Aura estiró los brazos y luego agitó las manos.

—Tomen asiento ustedes dos también, ya no hay extraños aquí.

Boris y la subdirectora de apellido Leeris asintieron y tomaron asiento junto a Daimon.

Entonces Aura chasqueó los dedos y se activó una formación mágica grabada en el suelo de la sala.

Daimon miró los símbolos y reconoció el uso de la formación gracias a los ojos buscadores de la verdad.

«Antiespionaje, aislamiento e insonorización, ¿qué puede ser tan grave para que estés tan precavida?», pensó.

Aura señaló a la subdirectora leopardo de nieve y luego dijo.

—Para empezar, ¿por qué no te presentas como es debido?

La mujer asintió y luego habló con una voz tranquila y melodiosa.

—Stella Leeris, la joven señorita del clan de leopardos de nieve… Es un placer.

Daimon le asintió y luego se giró para ver a Aura.

—¿Qué puede ser tan importante como para montar todo este «espectáculo»?

¿Está relacionado con esa nueva información que mencionaste sobre la exploración?

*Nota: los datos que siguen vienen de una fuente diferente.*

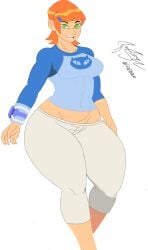 gwen 10 from ben 10 by dm92studios
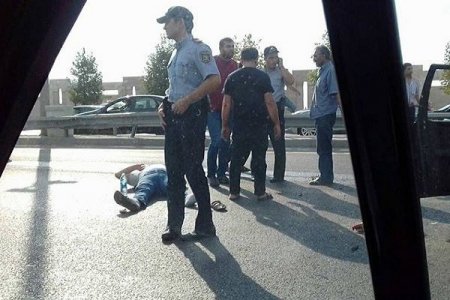 Aeroport yolunda dəhşətli qəza: 2 nəfər öldü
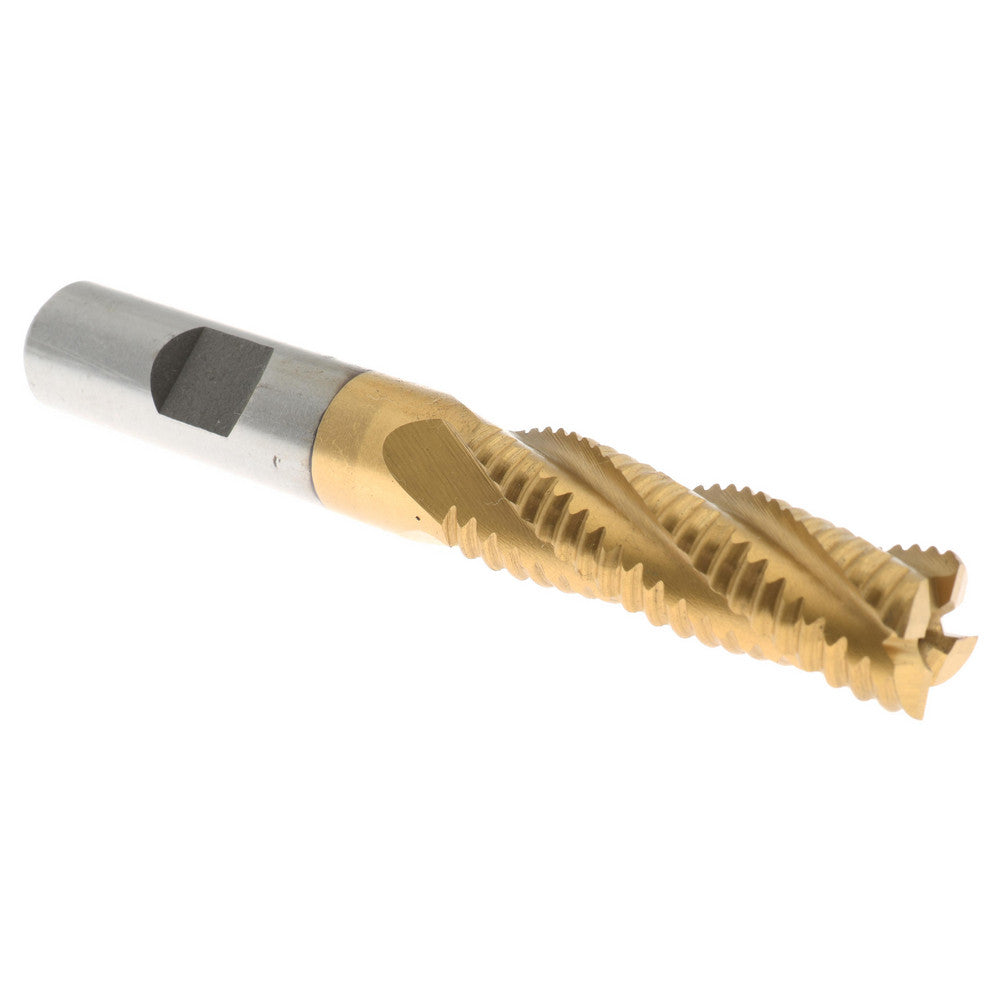 Value Collection 723-6734 Roughing End Mill 1/2" Dia, 4 Flute, Single End, Cobalt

Aura sonrió; sus ojos parecían tener un brillo astuto mientras respondía.

—Sí, el equipo que fue con el Sabio de Greenwich descubrió algo que está haciendo temblar a toda la carta estelar.

Primero, la ruina solo se abrió porque sus días están contados; una vez que llegue el momento, se autodestruirá.

A Daimon no le sorprendió oír eso; lo que hacía que las ruinas mágicas y los reinos secretos fueran tan codiciados era que solo aparecían bajo ciertas circunstancias, y su tiempo era limitado.

Una vez que se cerraran, sus tesoros y legados serían enterrados con ellas.

—¿Pero eso no es nada nuevo?

—dijo él.

Aura tamborileó los dedos sobre su escritorio antes de continuar.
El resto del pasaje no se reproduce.